Warm beetroot and quinoa tabouleh

I like the constraints of box living. The lack of choice is actually incredibly freeing. I would prefer someone else choose for me than have to figure it out at the markets. I love inventing food to fit what nature provides. On a slightly more spiritual level, I like to feel the moods of the earth and know her influence on living things. We are lucky to have such plentiful food and I am grateful for it.

Really, I appreciate that farmers are making any produce at all. I tried to grow herbs this summer and whilst they began well, by the end of the flooding rains punctuated by no rain, my own forgetfulness or my cats leaping into them... they're all done for! The sage and tarragon are the only things left and some sort of bug has eaten most of 'em! Heh.
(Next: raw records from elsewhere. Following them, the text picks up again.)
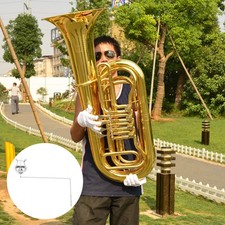 Bass Music Clip Portable Tuba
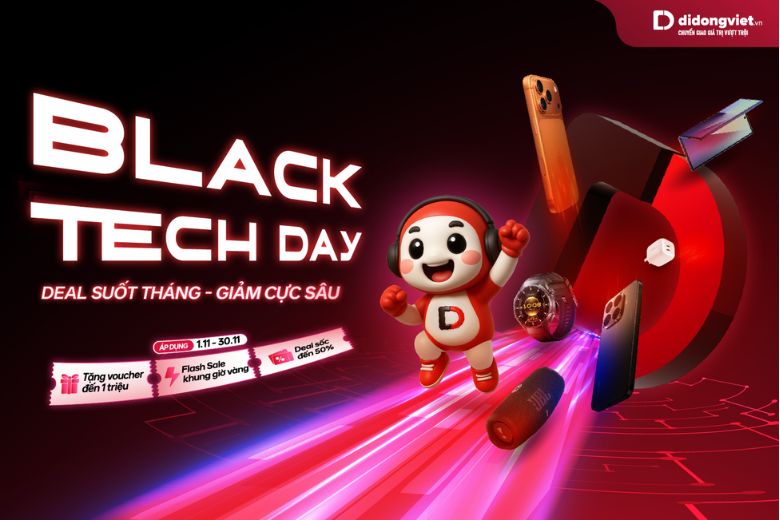 Black Firday 2025 Black Tech Day tại Di Động Việt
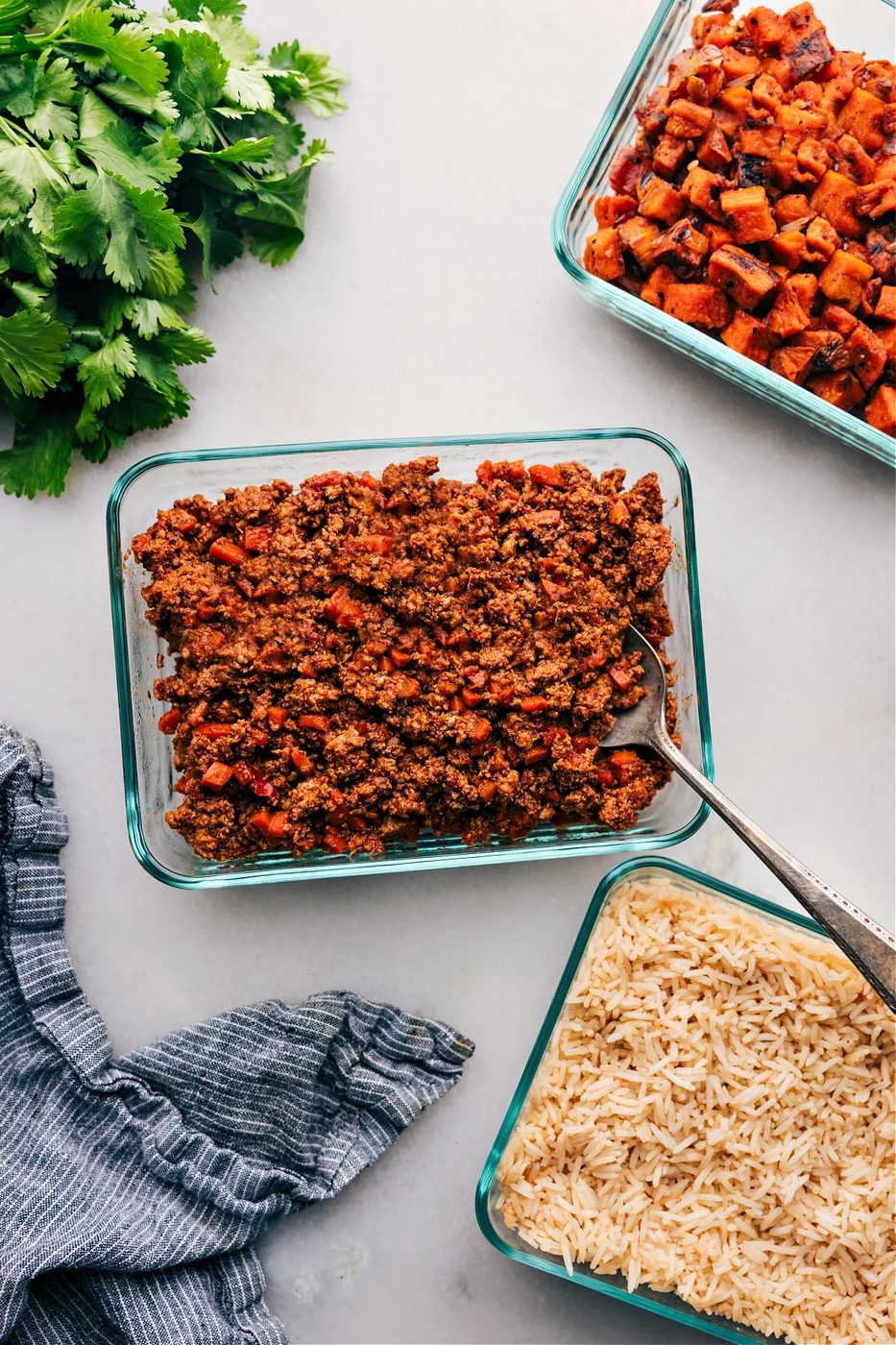 My FAVE Ground Turkey Meal Prep from the Pot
It's an interesting psychological difference between the fearful way I 'choose' produce in the supermarket ("it must be perfect") vs. the joyous way I accept a box of Food from Food Connect ("I trust it will be good"). I can't quite explain it, but there you are. :)

Anyway, tonight I wanted to use the single fresh beetroot that I got in my Gourmet Box this week. I had some parsley left over from last week and limes, so a beetroot and quinoa tabouleh inspired by this recipe was worth trying. I was very excited because I've never used quinoa before. Have you?

Quinoa is grown in Bolivia, but grows in Australia if farmers wanted to develop our industry. ;)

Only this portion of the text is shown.